Desde a primeira história do Demolidor de Miller que li, ficou claro que aquela série era brilhante em termos de narrativa e de ação. Mas só fui pereber que Miller podia ser também um mestre no aprofundamento dos personagens quando li a história originalmente publicada em Daredevil 177 e que saiu aqui em Superaventuras Marvel 17.
Na trama, Matt Murdock perdeu seu radar
depois da explosão de uma bomba e procura seu mestre Stick para recuperar essa
habilidade.
O arco e flecha é uma metáfora para os conflitos internos do personagem.
A história começa com o personagem praticando
arco e flecha, totalmente exausto. “Nada disso faz sentido. Se ao menos você me
deixasse dormir... Stick, já faz três dias!”.
A tentativa de acertar um alvo é uma metáfora
e uma forma de dar ação a um conflito interno. Conforme a atividade se
desenvolve, Murdock começa a alucinar. Miller reconta a história do personagem,
mostrando desde o bullying sofrido por Murdock na infância até o acidente que o
tornou cego.
Matt Mudock sente-se atormentado pela promessa feita ao pai.
As partes mais interessantes, no entanto, são
as que mostram o pai. Miller reconstitui até a mesma imagem da história de
origem do personagem, mas agora, ao invés do menino sendo aconselhado pelo pai,
vemos o Demolidor, já adulto, e já com seu uniforme. O pai o acorrenta a livros
e o manda ir para o quarto estudar.
Vale lembrar que, lá naquela história de
origem, o pai de Matt o obrigou a prometer que ele não iria lutar, mas, ao
invés disso, deveria ser um estudioso e se tornar um médico ou um advogado.

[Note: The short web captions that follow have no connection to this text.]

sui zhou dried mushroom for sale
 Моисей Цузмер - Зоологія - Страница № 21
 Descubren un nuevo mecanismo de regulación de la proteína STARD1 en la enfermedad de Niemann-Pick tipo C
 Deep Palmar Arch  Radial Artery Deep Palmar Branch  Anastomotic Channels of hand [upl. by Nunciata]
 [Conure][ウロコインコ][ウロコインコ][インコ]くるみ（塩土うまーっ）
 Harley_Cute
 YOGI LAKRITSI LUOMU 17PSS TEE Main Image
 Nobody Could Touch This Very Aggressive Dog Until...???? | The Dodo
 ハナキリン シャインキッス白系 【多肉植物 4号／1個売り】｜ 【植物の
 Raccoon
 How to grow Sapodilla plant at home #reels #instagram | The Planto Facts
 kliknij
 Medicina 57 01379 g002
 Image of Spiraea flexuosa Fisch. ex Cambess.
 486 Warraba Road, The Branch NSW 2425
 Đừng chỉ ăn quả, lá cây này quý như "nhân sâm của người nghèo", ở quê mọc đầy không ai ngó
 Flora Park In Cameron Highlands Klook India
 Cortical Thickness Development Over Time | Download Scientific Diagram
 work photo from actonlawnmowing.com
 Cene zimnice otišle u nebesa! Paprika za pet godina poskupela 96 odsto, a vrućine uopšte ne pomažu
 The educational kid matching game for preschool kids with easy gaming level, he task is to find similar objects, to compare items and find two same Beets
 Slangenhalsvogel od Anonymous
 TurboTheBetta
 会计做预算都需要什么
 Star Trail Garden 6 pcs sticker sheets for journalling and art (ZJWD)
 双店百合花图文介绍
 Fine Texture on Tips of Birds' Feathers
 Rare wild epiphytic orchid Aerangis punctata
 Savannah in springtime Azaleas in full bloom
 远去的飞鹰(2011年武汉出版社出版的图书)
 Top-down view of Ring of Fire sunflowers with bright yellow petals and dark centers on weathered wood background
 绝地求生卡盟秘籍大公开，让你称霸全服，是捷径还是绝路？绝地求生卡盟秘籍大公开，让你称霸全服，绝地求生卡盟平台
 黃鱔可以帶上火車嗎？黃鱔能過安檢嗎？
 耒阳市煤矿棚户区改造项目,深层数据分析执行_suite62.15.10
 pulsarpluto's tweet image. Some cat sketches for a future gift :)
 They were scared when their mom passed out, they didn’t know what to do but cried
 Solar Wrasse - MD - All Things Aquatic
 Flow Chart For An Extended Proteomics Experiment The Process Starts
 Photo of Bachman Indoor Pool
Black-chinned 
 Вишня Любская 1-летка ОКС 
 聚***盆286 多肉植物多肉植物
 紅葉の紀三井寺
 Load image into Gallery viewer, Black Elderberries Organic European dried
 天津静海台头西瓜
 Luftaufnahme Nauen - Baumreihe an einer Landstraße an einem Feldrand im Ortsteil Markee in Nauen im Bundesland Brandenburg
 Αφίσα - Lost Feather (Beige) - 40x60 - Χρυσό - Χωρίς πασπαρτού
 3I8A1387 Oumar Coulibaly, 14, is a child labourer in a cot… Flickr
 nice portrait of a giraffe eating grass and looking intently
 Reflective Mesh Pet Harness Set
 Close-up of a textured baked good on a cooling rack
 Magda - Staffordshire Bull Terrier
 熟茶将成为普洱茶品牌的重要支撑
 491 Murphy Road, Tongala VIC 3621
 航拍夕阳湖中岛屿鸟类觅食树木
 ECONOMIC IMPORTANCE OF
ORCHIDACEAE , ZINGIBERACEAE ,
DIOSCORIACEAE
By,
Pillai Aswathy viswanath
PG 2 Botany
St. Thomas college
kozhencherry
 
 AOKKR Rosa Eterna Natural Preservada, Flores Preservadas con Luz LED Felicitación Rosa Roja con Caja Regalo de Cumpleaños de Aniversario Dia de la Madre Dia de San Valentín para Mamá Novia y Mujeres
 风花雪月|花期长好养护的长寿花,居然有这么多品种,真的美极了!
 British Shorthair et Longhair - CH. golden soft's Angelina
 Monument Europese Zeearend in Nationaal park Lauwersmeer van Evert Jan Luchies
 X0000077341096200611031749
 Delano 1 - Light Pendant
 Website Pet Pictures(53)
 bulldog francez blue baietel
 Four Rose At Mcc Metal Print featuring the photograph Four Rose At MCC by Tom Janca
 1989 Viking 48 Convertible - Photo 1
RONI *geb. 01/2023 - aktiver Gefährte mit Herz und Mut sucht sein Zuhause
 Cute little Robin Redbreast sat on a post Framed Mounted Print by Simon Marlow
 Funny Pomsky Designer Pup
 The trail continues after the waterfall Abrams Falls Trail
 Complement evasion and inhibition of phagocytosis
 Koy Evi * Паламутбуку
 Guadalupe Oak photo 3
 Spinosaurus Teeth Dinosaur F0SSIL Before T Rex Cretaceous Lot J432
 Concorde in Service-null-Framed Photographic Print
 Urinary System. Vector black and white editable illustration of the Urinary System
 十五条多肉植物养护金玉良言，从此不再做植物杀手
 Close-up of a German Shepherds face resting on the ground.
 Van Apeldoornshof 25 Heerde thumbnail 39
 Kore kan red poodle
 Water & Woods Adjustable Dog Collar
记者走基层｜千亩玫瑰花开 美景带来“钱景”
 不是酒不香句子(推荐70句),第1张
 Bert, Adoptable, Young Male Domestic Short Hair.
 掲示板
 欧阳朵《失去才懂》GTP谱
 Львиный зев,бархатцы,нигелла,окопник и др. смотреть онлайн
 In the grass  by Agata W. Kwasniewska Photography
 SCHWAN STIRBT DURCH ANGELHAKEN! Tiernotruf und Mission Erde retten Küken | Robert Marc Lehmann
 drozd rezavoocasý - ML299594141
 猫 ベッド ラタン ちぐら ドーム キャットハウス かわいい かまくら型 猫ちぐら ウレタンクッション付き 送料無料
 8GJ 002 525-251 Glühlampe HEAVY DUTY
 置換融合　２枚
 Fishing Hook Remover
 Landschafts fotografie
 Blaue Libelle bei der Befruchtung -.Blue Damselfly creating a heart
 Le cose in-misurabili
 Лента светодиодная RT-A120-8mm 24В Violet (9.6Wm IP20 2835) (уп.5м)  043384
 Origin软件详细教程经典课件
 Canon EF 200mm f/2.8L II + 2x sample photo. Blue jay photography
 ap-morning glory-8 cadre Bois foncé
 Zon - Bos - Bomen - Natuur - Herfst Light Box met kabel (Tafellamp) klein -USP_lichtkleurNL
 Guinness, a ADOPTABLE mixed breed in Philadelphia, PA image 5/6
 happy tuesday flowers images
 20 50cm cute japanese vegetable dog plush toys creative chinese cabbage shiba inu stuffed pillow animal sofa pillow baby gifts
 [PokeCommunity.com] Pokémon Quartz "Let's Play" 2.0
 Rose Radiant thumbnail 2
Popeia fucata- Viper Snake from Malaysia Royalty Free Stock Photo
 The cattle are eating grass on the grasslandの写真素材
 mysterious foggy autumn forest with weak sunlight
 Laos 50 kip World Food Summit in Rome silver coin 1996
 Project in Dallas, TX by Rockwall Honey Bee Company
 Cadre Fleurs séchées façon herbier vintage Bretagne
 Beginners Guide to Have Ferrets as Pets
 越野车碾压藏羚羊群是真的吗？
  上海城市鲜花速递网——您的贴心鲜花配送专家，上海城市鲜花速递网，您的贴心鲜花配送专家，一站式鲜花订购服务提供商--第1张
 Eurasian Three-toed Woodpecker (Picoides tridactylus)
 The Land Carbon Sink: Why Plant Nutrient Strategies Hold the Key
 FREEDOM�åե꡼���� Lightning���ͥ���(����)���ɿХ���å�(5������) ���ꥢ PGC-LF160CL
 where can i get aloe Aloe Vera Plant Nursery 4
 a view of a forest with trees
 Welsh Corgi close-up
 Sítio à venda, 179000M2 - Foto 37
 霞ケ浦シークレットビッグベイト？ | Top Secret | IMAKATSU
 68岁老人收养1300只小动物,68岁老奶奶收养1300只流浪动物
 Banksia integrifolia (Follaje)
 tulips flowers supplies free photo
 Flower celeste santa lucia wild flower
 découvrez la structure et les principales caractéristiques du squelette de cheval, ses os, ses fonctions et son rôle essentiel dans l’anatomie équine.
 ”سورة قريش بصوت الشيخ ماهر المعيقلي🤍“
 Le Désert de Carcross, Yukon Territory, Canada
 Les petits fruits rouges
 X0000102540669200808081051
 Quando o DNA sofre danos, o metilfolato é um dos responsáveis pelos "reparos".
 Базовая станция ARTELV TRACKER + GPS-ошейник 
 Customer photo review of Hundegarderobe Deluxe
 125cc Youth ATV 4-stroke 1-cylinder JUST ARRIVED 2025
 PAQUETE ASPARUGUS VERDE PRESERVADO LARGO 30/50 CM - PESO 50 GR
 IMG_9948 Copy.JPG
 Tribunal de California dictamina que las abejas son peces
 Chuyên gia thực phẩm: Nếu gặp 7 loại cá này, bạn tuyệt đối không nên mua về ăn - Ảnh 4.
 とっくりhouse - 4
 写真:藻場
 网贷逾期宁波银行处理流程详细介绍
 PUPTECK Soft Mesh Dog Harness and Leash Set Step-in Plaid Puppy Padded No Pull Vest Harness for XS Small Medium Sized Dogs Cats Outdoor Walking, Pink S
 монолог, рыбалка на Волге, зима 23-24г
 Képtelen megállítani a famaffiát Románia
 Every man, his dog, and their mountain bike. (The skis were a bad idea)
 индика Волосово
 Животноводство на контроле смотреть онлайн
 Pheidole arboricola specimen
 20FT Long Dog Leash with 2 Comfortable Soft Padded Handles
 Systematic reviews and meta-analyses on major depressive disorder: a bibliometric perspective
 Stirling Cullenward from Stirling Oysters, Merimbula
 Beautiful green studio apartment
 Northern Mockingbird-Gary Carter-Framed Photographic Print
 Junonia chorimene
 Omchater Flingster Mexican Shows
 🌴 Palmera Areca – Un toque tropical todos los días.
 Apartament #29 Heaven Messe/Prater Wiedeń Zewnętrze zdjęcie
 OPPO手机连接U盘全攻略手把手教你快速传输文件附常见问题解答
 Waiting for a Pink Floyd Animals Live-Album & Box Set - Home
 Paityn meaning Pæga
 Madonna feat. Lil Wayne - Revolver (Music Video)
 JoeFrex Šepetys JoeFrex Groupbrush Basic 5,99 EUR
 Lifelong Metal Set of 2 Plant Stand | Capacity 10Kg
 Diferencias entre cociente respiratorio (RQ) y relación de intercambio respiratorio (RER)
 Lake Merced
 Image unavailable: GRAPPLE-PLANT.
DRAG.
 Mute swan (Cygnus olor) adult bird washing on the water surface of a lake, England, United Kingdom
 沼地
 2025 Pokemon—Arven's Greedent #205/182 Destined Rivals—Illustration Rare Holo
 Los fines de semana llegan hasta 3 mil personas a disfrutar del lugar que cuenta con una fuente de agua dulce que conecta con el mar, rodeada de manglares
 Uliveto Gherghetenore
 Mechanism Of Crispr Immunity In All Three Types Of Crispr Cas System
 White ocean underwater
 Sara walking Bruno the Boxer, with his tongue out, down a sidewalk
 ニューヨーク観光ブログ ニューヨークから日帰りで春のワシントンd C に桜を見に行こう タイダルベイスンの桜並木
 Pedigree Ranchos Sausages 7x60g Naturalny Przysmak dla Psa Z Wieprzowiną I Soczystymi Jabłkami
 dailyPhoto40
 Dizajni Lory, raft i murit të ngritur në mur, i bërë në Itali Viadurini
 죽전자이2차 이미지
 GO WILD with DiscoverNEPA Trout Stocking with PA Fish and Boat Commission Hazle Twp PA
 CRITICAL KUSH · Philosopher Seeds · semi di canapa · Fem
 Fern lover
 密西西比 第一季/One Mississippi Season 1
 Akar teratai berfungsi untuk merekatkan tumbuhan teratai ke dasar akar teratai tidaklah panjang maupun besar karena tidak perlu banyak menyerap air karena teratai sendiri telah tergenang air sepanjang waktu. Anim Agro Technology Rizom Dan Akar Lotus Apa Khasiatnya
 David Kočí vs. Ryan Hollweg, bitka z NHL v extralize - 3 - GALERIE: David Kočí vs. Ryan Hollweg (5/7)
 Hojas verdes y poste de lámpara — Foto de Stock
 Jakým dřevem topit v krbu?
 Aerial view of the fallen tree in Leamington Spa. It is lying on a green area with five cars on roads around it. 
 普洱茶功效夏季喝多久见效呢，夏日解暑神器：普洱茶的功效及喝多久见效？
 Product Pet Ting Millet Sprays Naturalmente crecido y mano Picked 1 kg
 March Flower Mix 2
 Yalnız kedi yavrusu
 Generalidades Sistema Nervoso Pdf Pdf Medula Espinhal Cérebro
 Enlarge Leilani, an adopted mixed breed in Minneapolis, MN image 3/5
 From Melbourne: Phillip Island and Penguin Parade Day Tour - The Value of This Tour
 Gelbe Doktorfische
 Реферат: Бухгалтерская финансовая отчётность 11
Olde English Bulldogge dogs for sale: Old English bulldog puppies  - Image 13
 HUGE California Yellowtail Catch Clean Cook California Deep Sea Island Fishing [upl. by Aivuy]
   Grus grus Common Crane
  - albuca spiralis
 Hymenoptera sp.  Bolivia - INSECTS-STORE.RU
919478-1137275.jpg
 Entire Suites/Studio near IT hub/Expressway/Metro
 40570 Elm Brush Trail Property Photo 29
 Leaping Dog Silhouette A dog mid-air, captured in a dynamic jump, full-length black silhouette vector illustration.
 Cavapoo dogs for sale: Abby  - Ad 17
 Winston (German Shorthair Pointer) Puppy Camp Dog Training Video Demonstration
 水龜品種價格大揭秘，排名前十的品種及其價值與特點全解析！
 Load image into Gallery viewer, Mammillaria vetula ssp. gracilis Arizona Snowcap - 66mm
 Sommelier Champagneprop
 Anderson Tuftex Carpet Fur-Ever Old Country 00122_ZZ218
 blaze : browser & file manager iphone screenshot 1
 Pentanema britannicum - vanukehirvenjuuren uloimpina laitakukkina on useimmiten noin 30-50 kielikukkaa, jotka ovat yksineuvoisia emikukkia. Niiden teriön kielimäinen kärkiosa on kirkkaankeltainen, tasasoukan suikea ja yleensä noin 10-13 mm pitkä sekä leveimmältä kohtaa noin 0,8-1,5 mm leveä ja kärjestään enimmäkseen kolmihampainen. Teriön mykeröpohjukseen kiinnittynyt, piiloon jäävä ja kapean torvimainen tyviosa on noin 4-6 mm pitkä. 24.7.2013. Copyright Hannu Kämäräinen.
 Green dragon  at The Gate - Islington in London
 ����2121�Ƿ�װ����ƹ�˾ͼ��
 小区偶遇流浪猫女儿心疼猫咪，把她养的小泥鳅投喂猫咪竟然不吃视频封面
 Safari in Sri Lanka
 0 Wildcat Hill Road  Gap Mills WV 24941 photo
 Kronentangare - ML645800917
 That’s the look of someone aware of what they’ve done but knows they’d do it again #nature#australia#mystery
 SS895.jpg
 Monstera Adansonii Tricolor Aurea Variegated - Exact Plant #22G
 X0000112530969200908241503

Miller reconta a origem do personagem.
Em uma das sequências, eles estão em um
ringue. “Você me prometeu! Disse que não lutaria! Olha só... você já esteve em
mais lutas do que eu! Vai terminar como seu pai... um lutador velho e
decadente, com o nariz quebrado e o cérebro moído. Você mentiu para mim, filho.
No túmulo de sua mãe. Mentiu para mim!”.
Quando criou o Demolidor, Stan Lee usou sua
estratégia de introduzir um pé de barro como tornar o herói bidimensional.
Assim, apesar de ser um herói, o Demolidor também era cego. Miller foi além,
introduzindo camadas e subtextos que tornaram o personagem tridimensional.
O conflito com o pai e o sentimento de culpa.
Nessa história descobrimos que Matt Murdock
odeia o pai por tê-lo transformado em um escravo de livros, por tê-lo feito
prometer que ele jamais lutaria, o que fez com que o garoto se tornasse vítima
de bullying de todos os meninos da rua.
Mas, como bom católico, Matt Murdock se sente
culpado por esses sentimentos com relação ao pai. Mais ainda: ele se sente
culpado por usar seus poderes para lutar contra o crime, o que contraria o
juramento feio ao pai de que ele nunca lutaria.
Miller estava introduzindo ali toda a neurose
do personagem que seria posteriormente explorada com brilhantismo em A queda de
Matt Murdock, em que o herói chega aos limites da insanidade.